Having just returned from Brazil where I was hosted by the Lula Institute, I was struck by the conversations I had with ordinary people: taxi drivers, hotel staff, youths in the streets, activists working in the favelas to business tycoons and ministers in government. There is an overwhelming sense of hope in spite of the challenges they still face in a country of 190 million people, almost four times the population of South Africa. In office for less than a year, President Dilma Rousseff has taken a tough line firing six ministers for corruption, misuse of funds and influence peddling.
At the core of Brazil’s success is undoubtedly the successful public and social policies pursued by the charismatic former president Lula and his team. Building on the stabilisation efforts laid by previous administrations, he aggressively confronted the problems of Brazil’s poor, arguing that the key strategic objectives of government policy should be the right of every Brazilian family to have three nutritious meals a day. By launching the Zero Hunger Campaign, it focused the minds of government bureaucrats on the needs of the people. Underpinned by the social protection programme Bolsha Familia, 13 million families receive a grant which goes to the women in 93% of the homes. It has taken close to 30 million people out of hunger and poverty and had a huge impact on increasing school attendance and immunisation of children.
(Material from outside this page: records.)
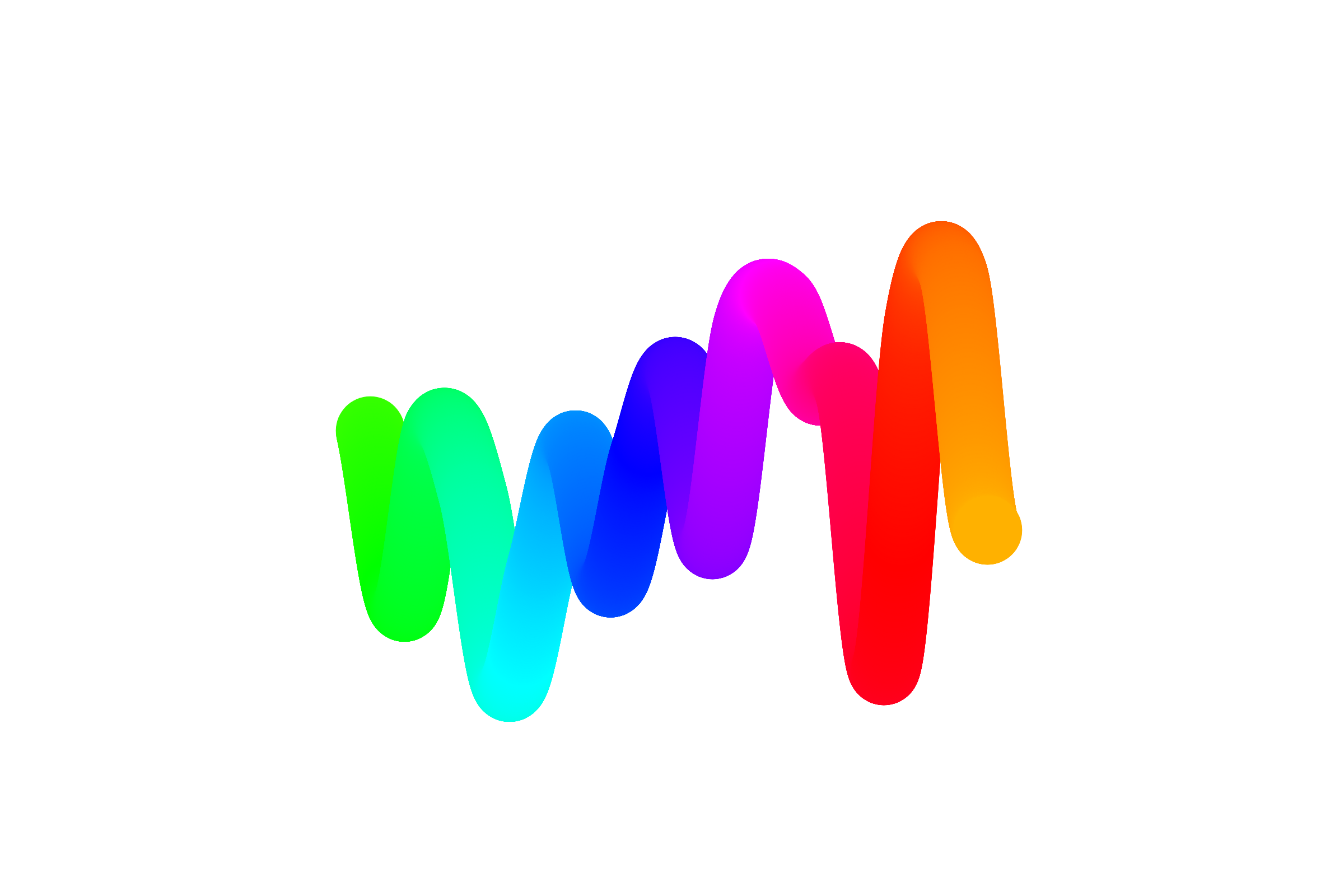 Chromie Squiggle #995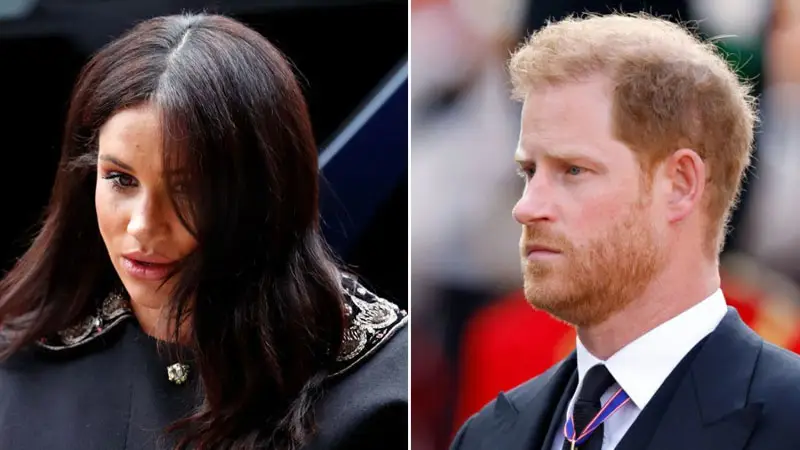 Meghan Markle Will Only Return to the UK on One Condition: ‘A Place of Their Own with Strict Security’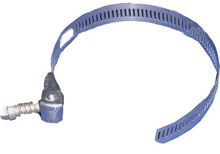 Rainbow Chlorinator Saddle Clamp R172034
The school feeding scheme has linked meals to family agriculture and strengthened local economic development.
At the same time implementing strong and pragmatic economic policies which were often criticised by the Left, Lula drove a vision of a strong partnership between the public and private sectors which in his eight-year term resulted in the creation of at least ten million jobs. The central roles of BNDES, the Brazilian national development bank, and leading parastatal corporations were critical in taking the risks that drove an industrial and infrastructure strategy that opened up new sectors and crowded in private capital.
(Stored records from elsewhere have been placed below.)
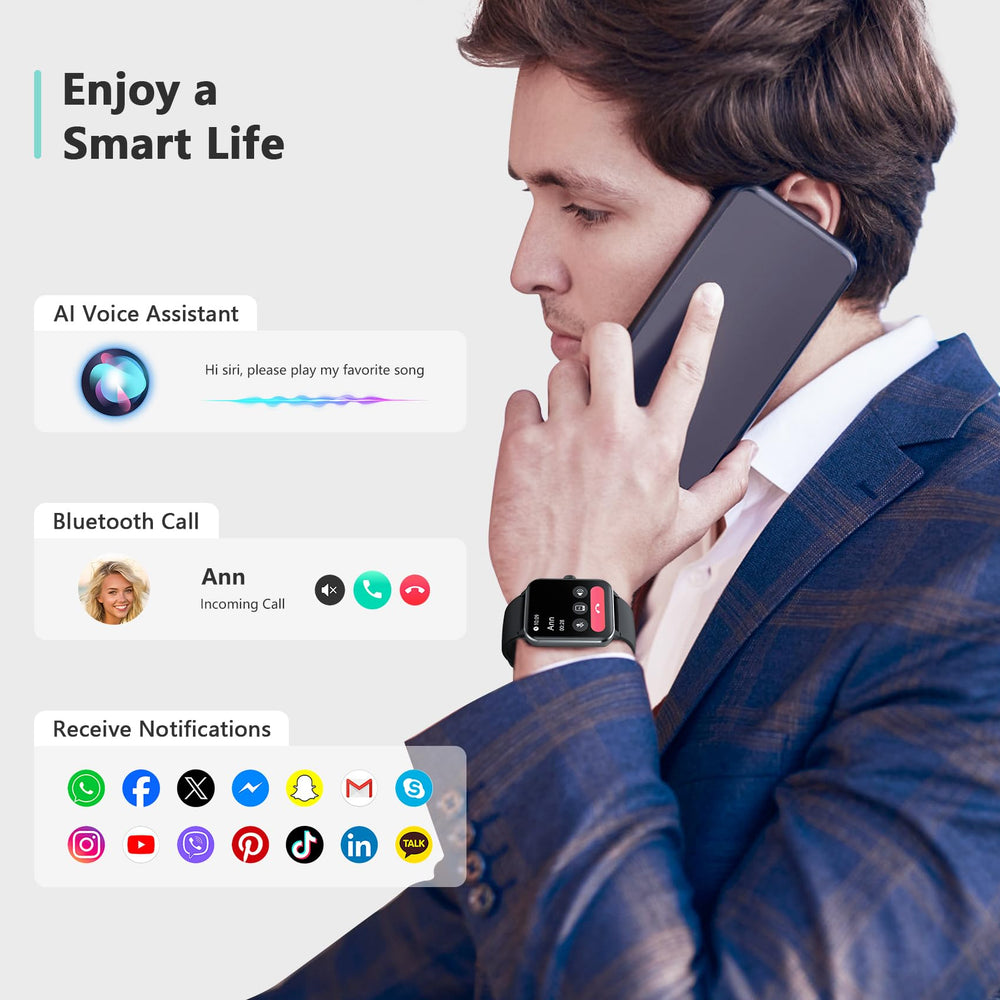 Blackview 2026 Heart rate, SpO2, and sleep monitoring insights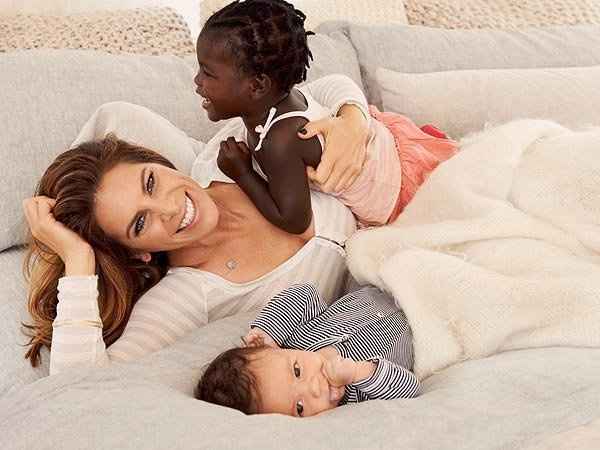 A Twist on the Just For Fun Post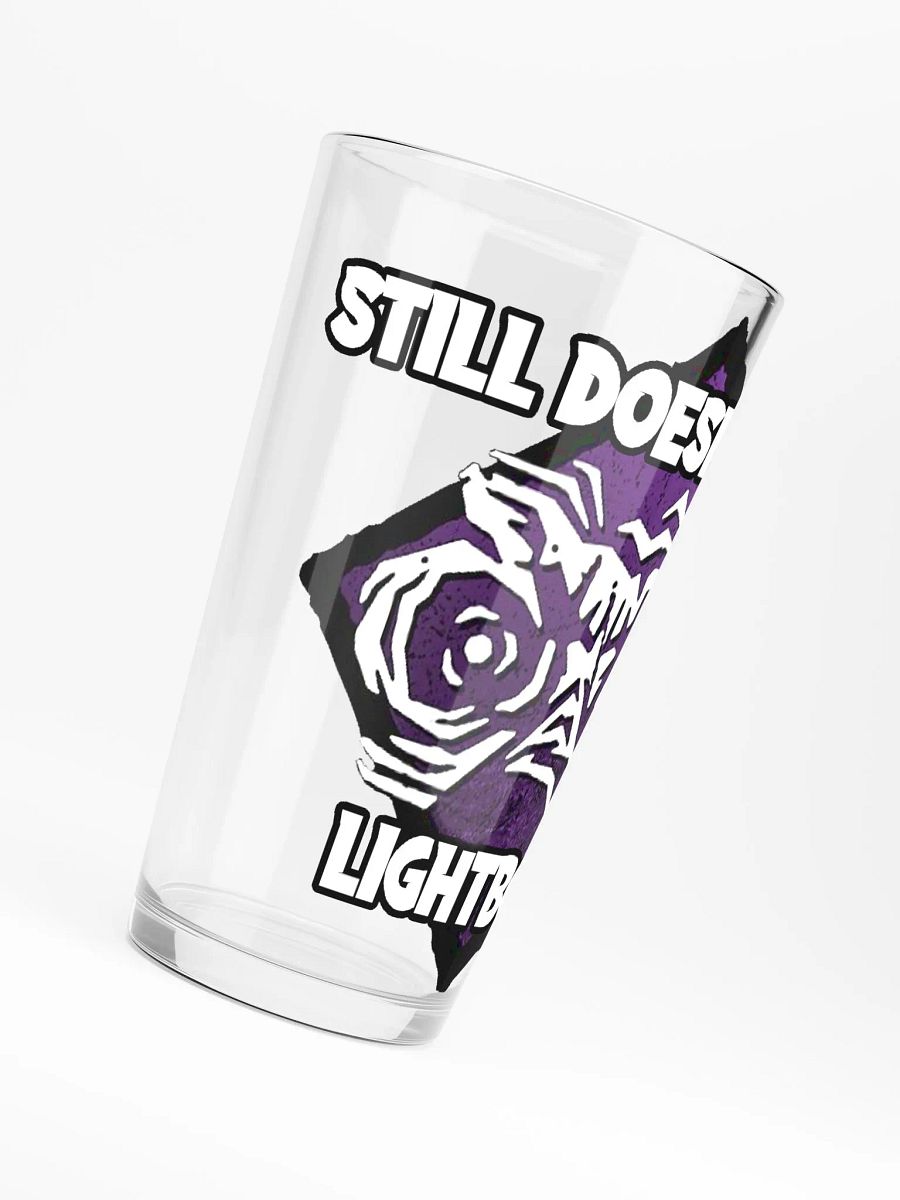 Lightborn Glass product image (6)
The expansion of the ethanol industry drove Brazil towards energy self-sufficiency and opened up new opportunities for farmers on lands previously unsuitable for agriculture. Scientific agencies such as Embrapa harnessed new technologies that created new and better seed varieties and inputs that drove farming efficiencies that have made Brazil food-secure and the powerhouse of global agriculture.
With the African Development Bank, I was invited to address the heads of Brazil’s major public and private sectors investing in Africa. I argued investment philosophy had to embrace the social policies that made Brazil a success. Our greatest challenge in Africa is to feed our people and address the overwhelming poverty and inequality. Africa has gone from a net food exporter in the 1960s to being heavily dependent on food aid – as demonstrated by the recent crisis in the Horn of Africa. Of the world’s hungry, 250 million live in Africa and one in three children are stunted or malnourished. As the population of Africa rises to 2.5 billion by 2050, more than half will be living in cities and the vast majority be under the age of 25. Youth unemployment and the despair of hunger are time bombs waiting to explode.
With 80% of arable land uncultivated and nearly two-thirds of African countries net importers of food, this is a huge opportunity for the right type of partnership between Brazil and Africa to bring mutual benefits such as transfer of skills, technology and the building of the capacity of African small-scale farmers. This will distinguish countries from the notorious “land grabs” where often deals are struck with corrupt leaders and end up serving only the food security needs of foreign countries and, ultimately, nations capsized by social resentment and instability.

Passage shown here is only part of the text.